__ASSIGNMENT__
Write out each entry below exactly. Do not include the images.

__RECORDS SHOWN__
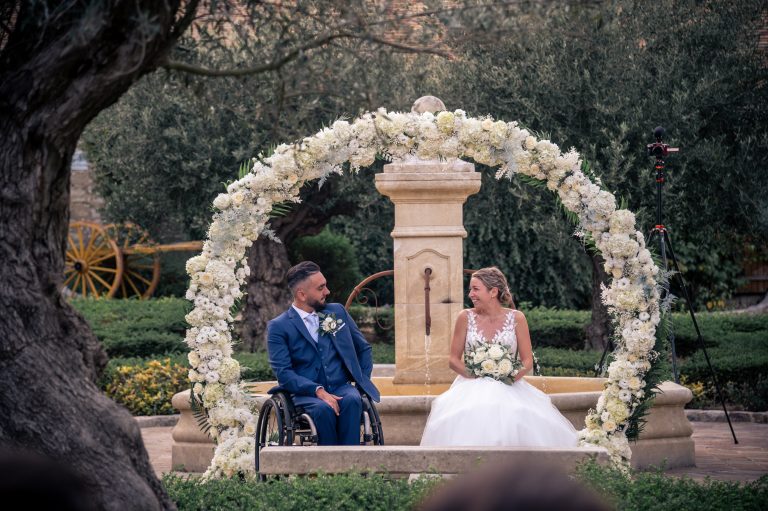 Couple de mariés échangeant des vœux, marié en fauteuil roulant sous un arc floral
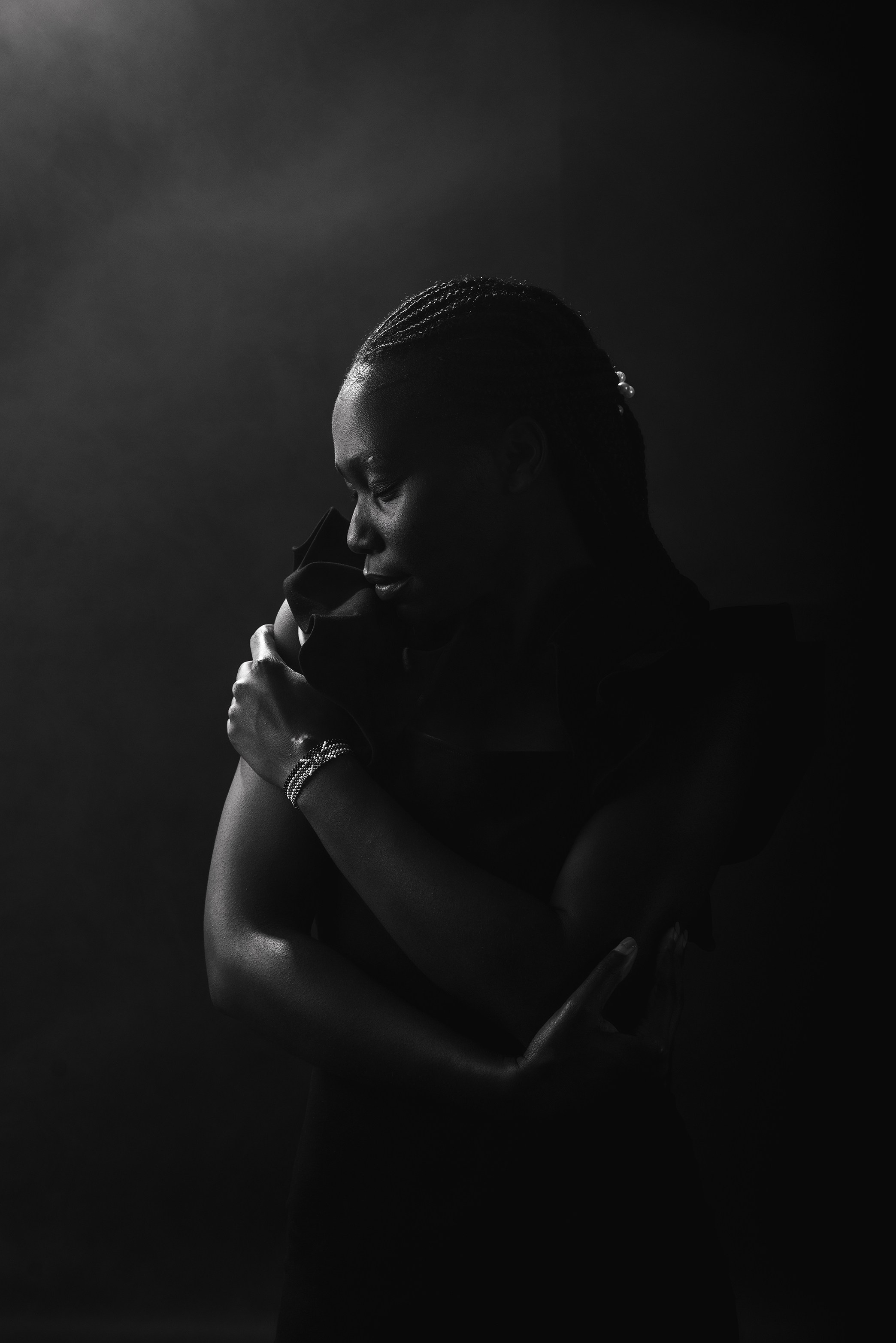 Cinematic black and white studio portrait.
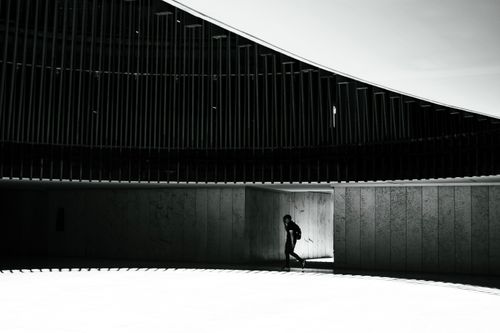 Free A sleek design with a solitary person in a modern architectural setting. High contrast and minimalist style. Stock Photo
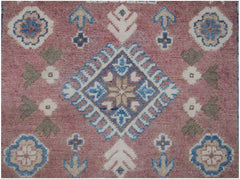 Handmade Afghan Kazakh runner featuring a pink field with traditional blue and white geometric motifs.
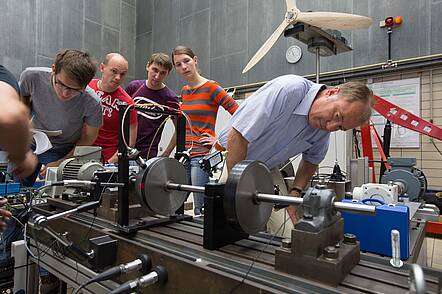 Foto: Studenten mit Ihrem Dozenten hinter einem Getriebe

__EXERCISE OUTPUT__
 Couple de mariés échangeant des vœux, marié en fauteuil roulant sous un arc floral
 Cinematic black and white studio portrait.
 Free A sleek design with a solitary person in a modern architectural setting. High contrast and minimalist style. Stock Photo
 Handmade Afghan Kazakh runner featuring a pink field with traditional blue and white geometric motifs.
 Foto: Studenten mit Ihrem Dozenten hinter einem Getriebe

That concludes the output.